Londra'da Parlamento Meydanı'nda toplanan aktivistler, üzerinde "İlaç şirketlerinin açgözlülüğü öldürüyor" ve "Aşı patentlerini serbest bırakın" yazılı sembolik tabutlarla Başbakanlık ofisi 10 Numara'ya yürüdü.
"Kovid 19: Utanç Günü" adlı gösteride, İngiliz hükümetinden aşı patentleri konusundaki tavrını değiştirmesi istendi. Sembolik cenaze töreninde siyah giyen göstericiler, "Daha ne kadar ölüm" ve "Aşı stoklamaya son verin" yazılı dövizler de taşıdı.
Aktivist Sasha Fitzpatrick, AA muhabirine yaptığı açıklamada, yürütülen kampanyalar ve kamuoyu baskısı neticesinde daha önce ilaç şirketlerinin patentleri serbest bıraktığını ve böylece insanların uygun fiyatlı ilaçlara erişebildiğini söyledi.
Aynı amaçla bugün dünya çapında eylem yaptıklarını kaydeden Fitzpatrick, "Evet bu bir ölüm kalım meselesi hepimiz için. Hepimiz bu konuda birbirimize bağlıyız ve herkesin Kovid-19 aşılarına, testlerine ve tedavilere eşit erişime sahip olmasını sağlayacak bir çözüme ihtiyacımız var." dedi.
İlaç şirketleri, geliştirdikleri Kovid-19 aşılarının patentlerini vermediği için aşılar ancak o şirketler tarafından üretilebiliyor. Düşük gelirli ülkeler aşı üretemedikleri gibi Batılı ülkelerin aşıları stoklaması nedeniyle vatandaşlarını aşılamada zorluk çekiyor.
Dünya Sağlık Örgütü'nden patent çağrısı
Dünya Sağlık Örgütü (DSÖ) Genel Direktörü Dr. Tedros Adhanom Ghebreyesus, Birleşmiş Milletler (BM) Genel Sekreteri Antonio Guterres ile 7 Ekim 2021 tarihinde ortak basın toplantısı gerçekleştirmişti.
DSÖ Genel Direktörü Ghebreyesus, ilaç şirketlerine patent haklarından vazgeçme çağrısında bulunmuştu.
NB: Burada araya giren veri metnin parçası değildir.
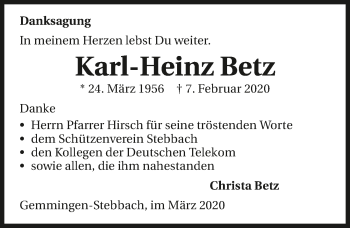 Traueranzeige von Karl-Heinz Betz 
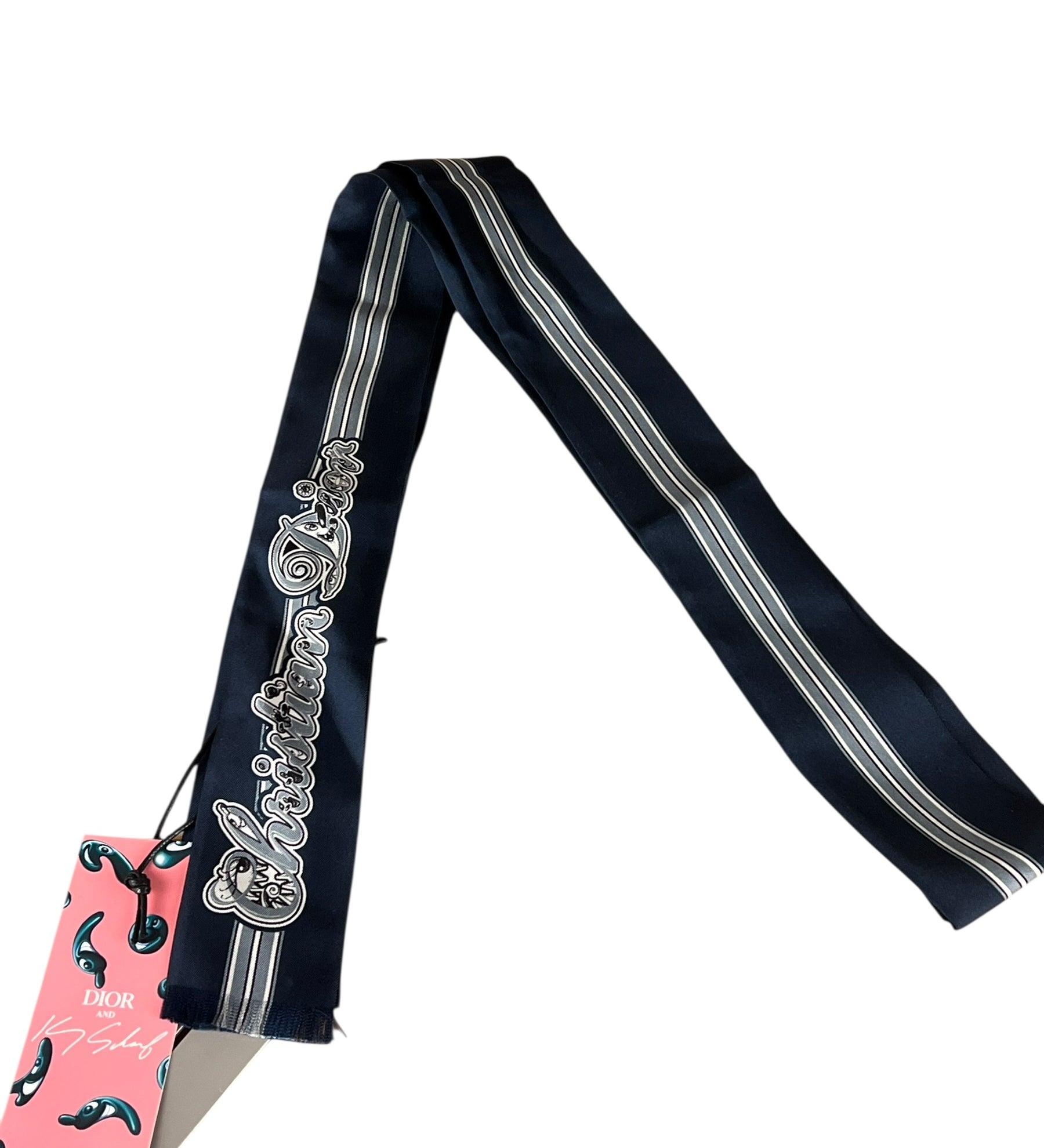Christian Dior x Kenny Scharf Navy Twilly Scarf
Genel Direktör şunları söylemişti: "Salgınla birlikte eşi benzeri görülmemiş zamanlardan geçiyoruz. Patent hakkı feragatini şimdi kullanmayacaksak ne zaman kullanacağız? Bence aşı üreticisi firmalar ve ülkeler bu soruyu kendilerine sormalıdır. Biz hiçbir ülkeyi veya firmayı zorlayamayız, fakat bu soruyu yineleyerek kendilerini sorgulamalarını sağlayabiliriz. Bundan önce patent hakkı feragatini savunmayan ülkelere neden feragat etmediklerini sorduğumuzda, bunun bir faydası olmayacağı görüşünü savundular. Biz de buna karşın kendilerine, 'Faydası olmayacağını düşünmek yerine neden denemiyorsunuz?' sorusunu sorduk."